Start of Block

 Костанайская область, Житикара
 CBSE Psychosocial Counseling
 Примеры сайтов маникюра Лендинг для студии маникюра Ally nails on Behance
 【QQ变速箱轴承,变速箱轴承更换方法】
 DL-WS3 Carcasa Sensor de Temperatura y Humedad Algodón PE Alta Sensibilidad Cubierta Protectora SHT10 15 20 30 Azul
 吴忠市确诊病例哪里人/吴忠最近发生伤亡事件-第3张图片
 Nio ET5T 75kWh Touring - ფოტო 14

End of Block
Start of Block

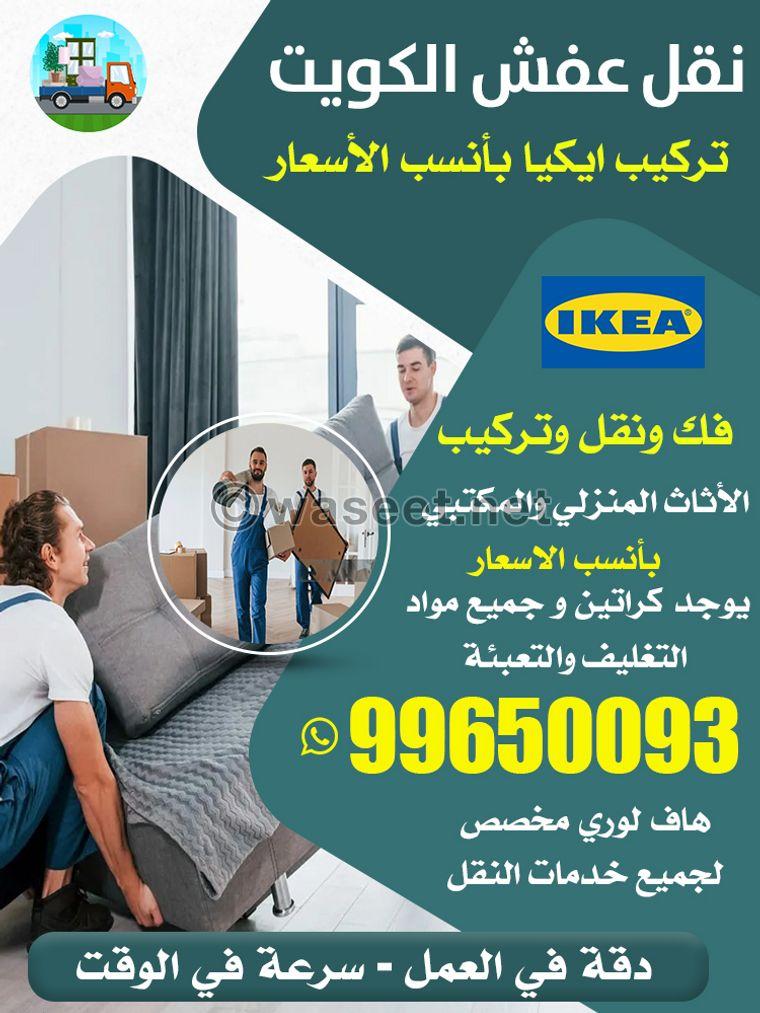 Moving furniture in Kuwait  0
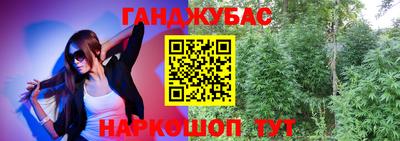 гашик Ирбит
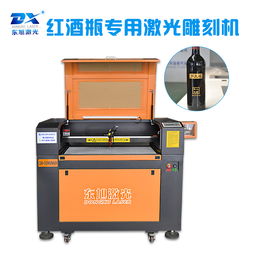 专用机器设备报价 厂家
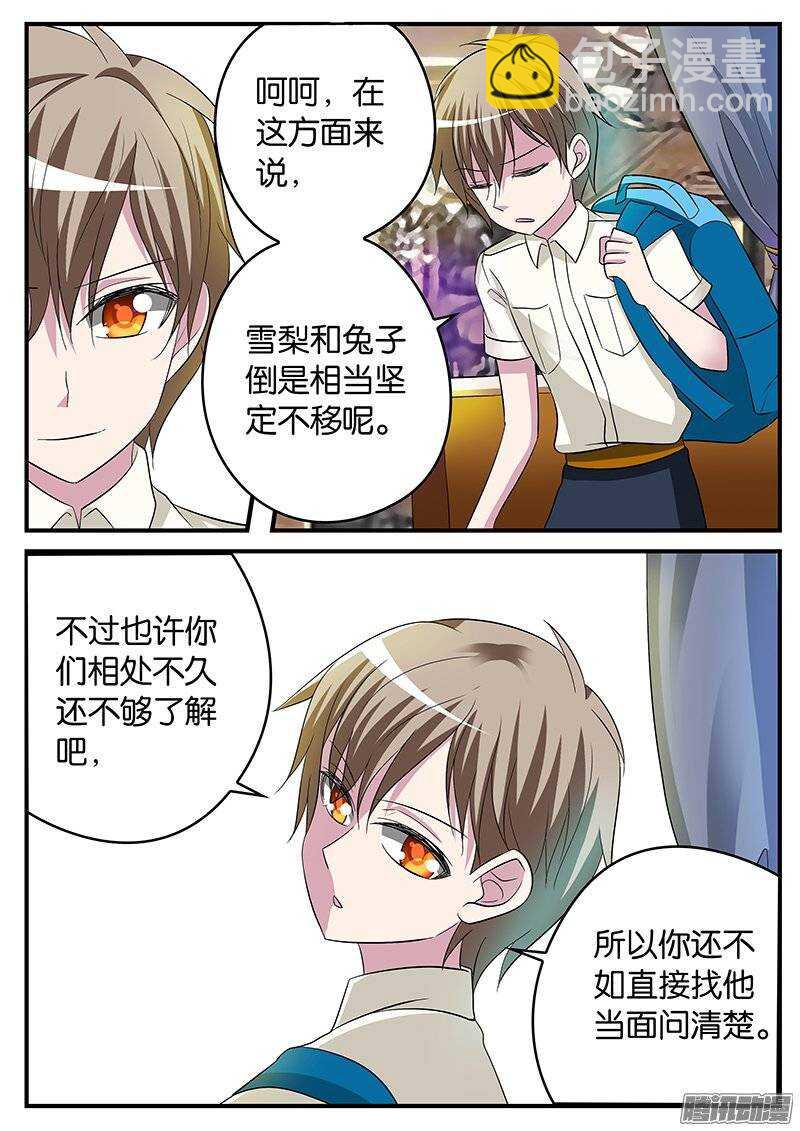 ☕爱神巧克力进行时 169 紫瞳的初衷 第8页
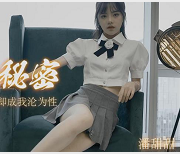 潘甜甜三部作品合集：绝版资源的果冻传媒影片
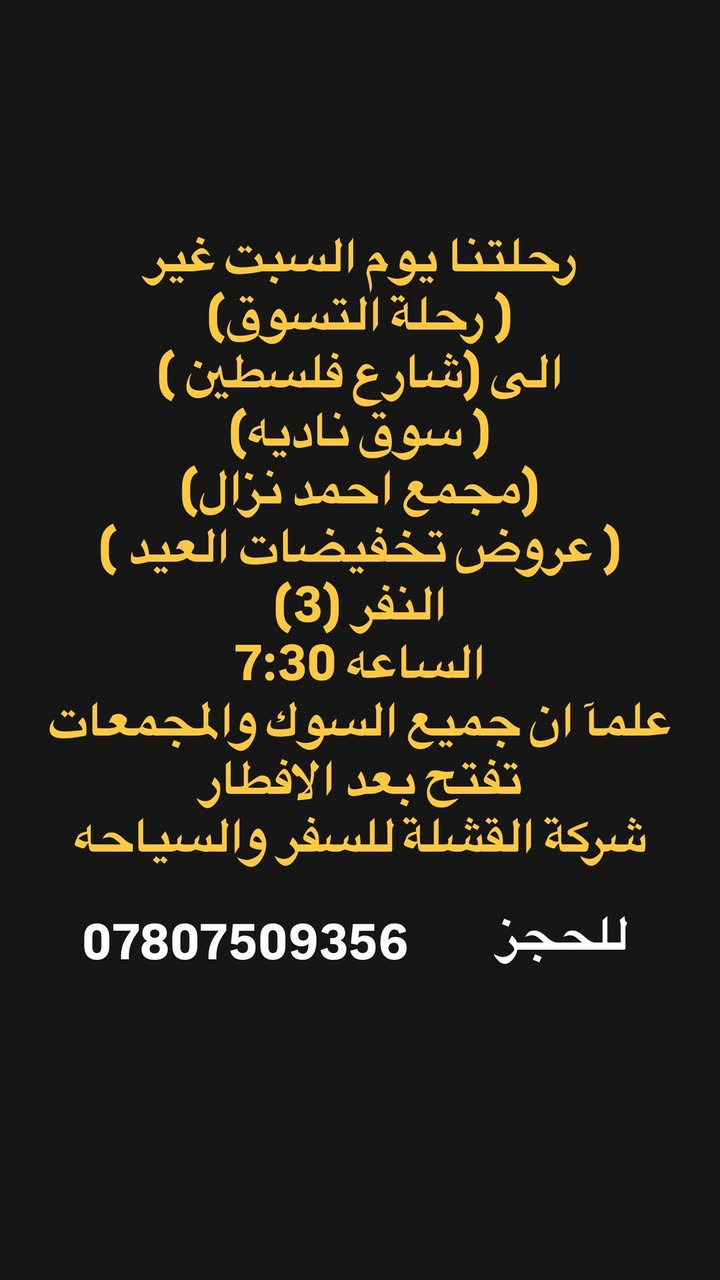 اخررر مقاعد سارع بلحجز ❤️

End of Block
Start of Block

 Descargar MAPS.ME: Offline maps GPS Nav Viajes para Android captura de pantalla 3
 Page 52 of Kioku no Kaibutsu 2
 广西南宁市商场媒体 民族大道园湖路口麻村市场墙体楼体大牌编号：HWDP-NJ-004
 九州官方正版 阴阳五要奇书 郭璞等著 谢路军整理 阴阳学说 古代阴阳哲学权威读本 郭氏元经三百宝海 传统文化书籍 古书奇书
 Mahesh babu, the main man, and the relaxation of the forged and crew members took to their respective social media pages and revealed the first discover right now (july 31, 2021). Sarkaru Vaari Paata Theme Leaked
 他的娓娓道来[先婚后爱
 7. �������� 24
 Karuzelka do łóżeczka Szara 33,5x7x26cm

End of Block

Try it: Set the pictures aside and reproduce exactly the lines above, from the line holding "专用机器设备报价 厂家" through the line holding "اخررر مقاعد سارع بلحجز ❤️", both included, with nothing else.

Reply:
 专用机器设备报价 厂家
 ☕爱神巧克力进行时 169 紫瞳的初衷 第8页
 潘甜甜三部作品合集：绝版资源的果冻传媒影片
 اخررر مقاعد سارع بلحجز ❤️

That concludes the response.